For the past few years, I’ve always ran Apache, PHP and MySQL under Windows, only ever using Linux for my production environment (which I rarely had to touch). I’m not making the jump to a Ubuntu virtual machine to host my LAMP development environment. The biggest difference I’ve noticed between PHP on Windows and PHP on Linux is how they handle extensions. On Windows, when you install PHP, you get a whole load of extensions under the “ext” directory which you can enable or disable at leisure. With PHP on Linux though, you don’t get this, instead you need to compile PHP with all the extensions you wish to use, or think you may use in the future. If you ever change you’re mind you have to re-configure, re-make and re-install PHP.
I was wondering if there was a more Windows approach to extensions on Linux, or if I’m start with re-building PHP every time I want to add or remove an extension. I guess the same question is, is there anywhere on the internetz that offers a repository of pre-compiled “.so” php modules which would be compatible with Ubuntu 9.10?
Note, this isn’t even mentioning the hassle of finding all the dependencies required to build extensions with PHP. It took me almost an hour just to add a couple of common extensions to my PHP build.
Dynamic libraries work the same in Linux as they do for you in Windows. The only difference is the file extension – .so vs .dll. You don’t have to recompile PHP to enable or disable them, you just add them to your php.ini, the same as you did in Windows.
I’m sure most non-standard extensions you would want to add are available through apt-get or whatever Ubuntu’s package manager is. I run RedHat/CentOS on all my servers, and installing a PHP extension is just one command, which doesn’t involve compiling PHP.
All the standard ones are already be installed, and you’ll find their configurations in the php.d directory. I’m not sure where Ubuntu puts the extensions themselves… probably /usr/lib/php/modules?
Thanks for the reply Dan. Just to clarifying, I’m building PHP from source, and so need to explicitly tell the configure script which PHP options and extensions I’d like. This does not generate “.so” php extensions, but instead seems to compile these extensions into PHP. There is a “ext” folder in the PHP source directory which has all the extensions you’d expect, but in there uncompiled form. I guess I could always compile the individual extensions as php modules, but is there not a pre-compiled php extension repository out there somewhere?
A few of the extensions relied on 3rd party libraries, plus there were a few other little hiccups, but nothing Google couldn’t solve. For anyone else planning on doing this, one thing I can tell you is that you need to install “autoconf” before you’ll be able to compile php extensions using the steps in the above link.
I don’t believe the common extensions (ie. those bundled with PHP) are available on PECL, hence this won’t work for those extensions. Either way though, it’s a good tip.

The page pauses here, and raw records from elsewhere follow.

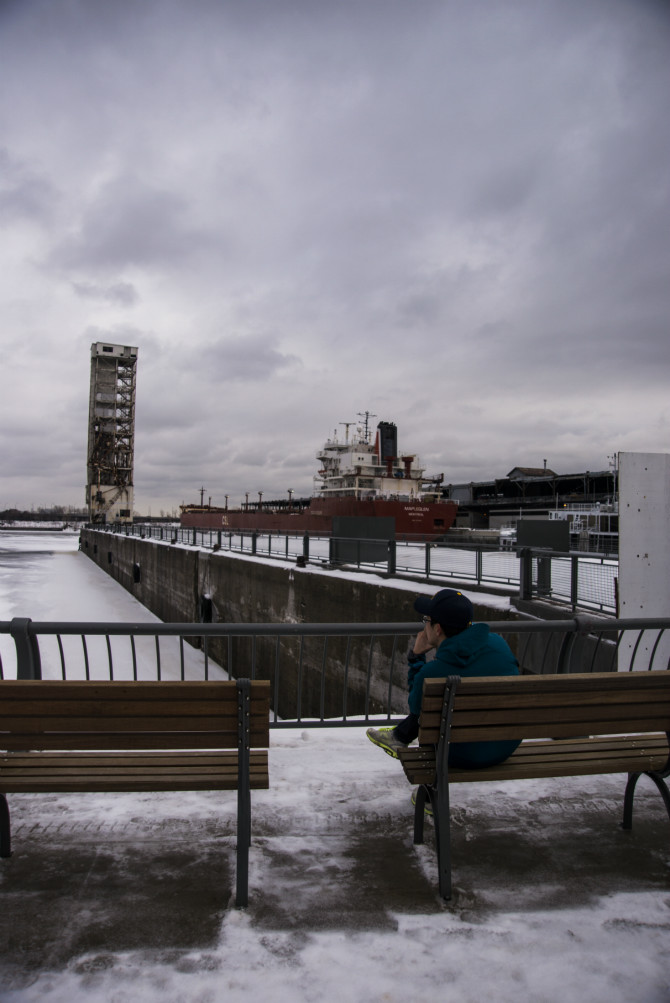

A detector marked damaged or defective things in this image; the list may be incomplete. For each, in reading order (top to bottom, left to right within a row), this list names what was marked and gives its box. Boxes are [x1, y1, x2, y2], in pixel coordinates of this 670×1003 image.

rusty metal structure [86, 344, 139, 520] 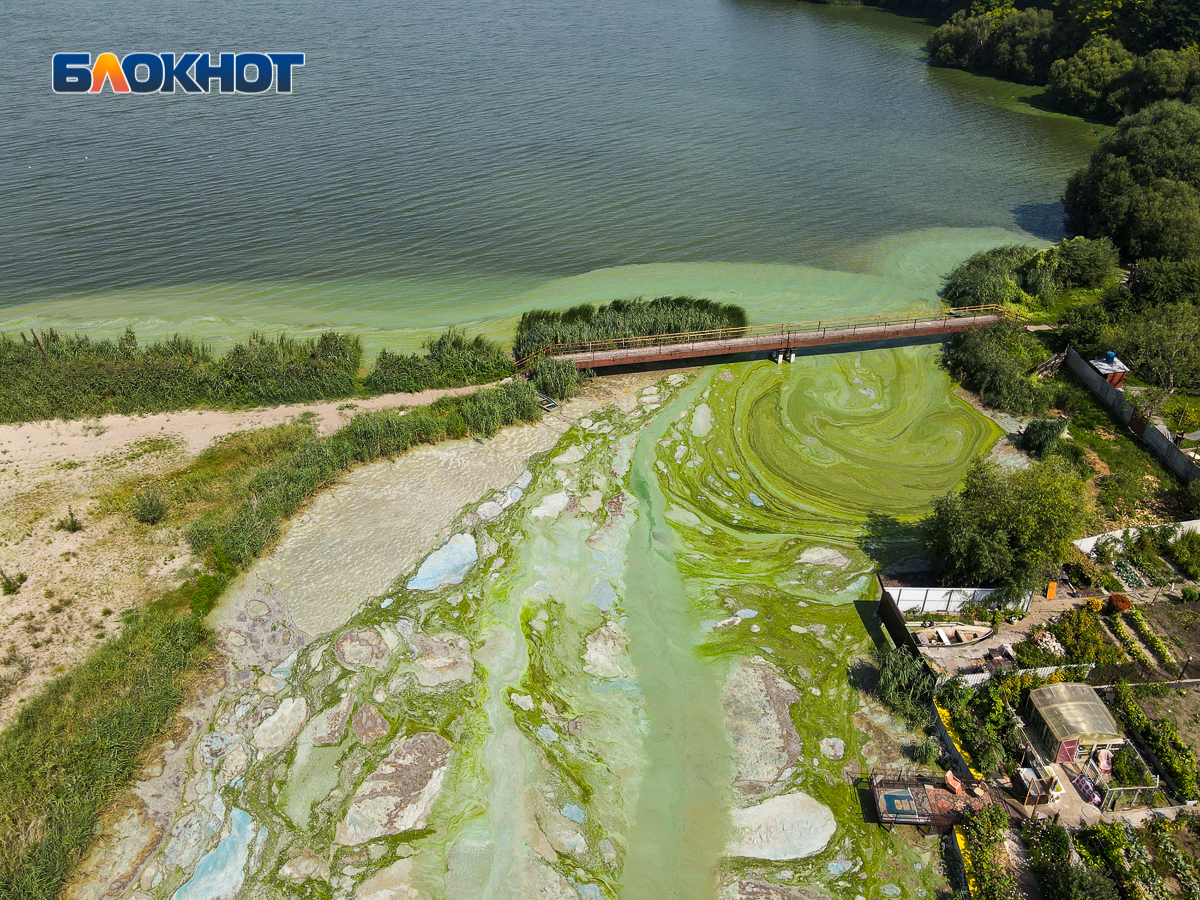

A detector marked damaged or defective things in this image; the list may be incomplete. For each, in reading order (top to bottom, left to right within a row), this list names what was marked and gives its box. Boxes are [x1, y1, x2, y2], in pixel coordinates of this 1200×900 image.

rusty metal bridge [516, 304, 1004, 370] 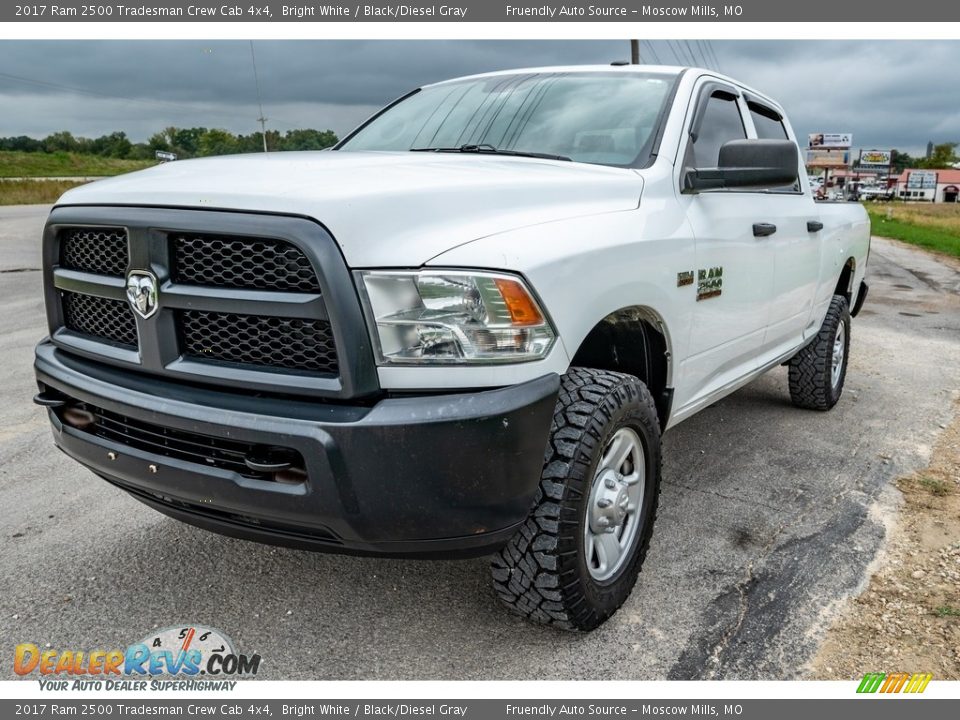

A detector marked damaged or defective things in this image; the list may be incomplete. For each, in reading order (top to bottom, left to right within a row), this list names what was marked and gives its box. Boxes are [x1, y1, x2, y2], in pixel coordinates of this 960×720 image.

cracked pavement [0, 204, 956, 680]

I just don’t want to be dependant on the package manager, plus it seems only a sub-set of extensions is available via the package manager. Compiling extensions myself takes a little longer, and you do get problems with some of the extensions (missing dependencies) but otherwise, it seems like the most flexible and modular solution, which is what attracts me to it. Thanks for all your input though.
I might be wrong, but as far as i know package manager installation have many advantages over compiled from source one. Like i will mention these:
[B]- Security updates
Normal Patches[/B]
And its not that difficult to enable and use extensions in Linux, personally i use package manager way, easy to use and update plus get working system in minutes.
I compiled my own php from source on my server. The trick is, you have to use the ./configure option to specify the path to the php.ini file, or no php.ini file will be read in.
On mine, I used:
–with-config-file-path=/etc
Then you can configure extensions exactly the same way as windows, using /etc/php.ini
Stormrider, I’m not quite sure what you’re talking about. What does “–with-config-file-path” achieve exactly? I compiled PHP with the intention of adding/creating a php.ini file afterwards. What’s the disadvantage of this compared to what you’re referring to?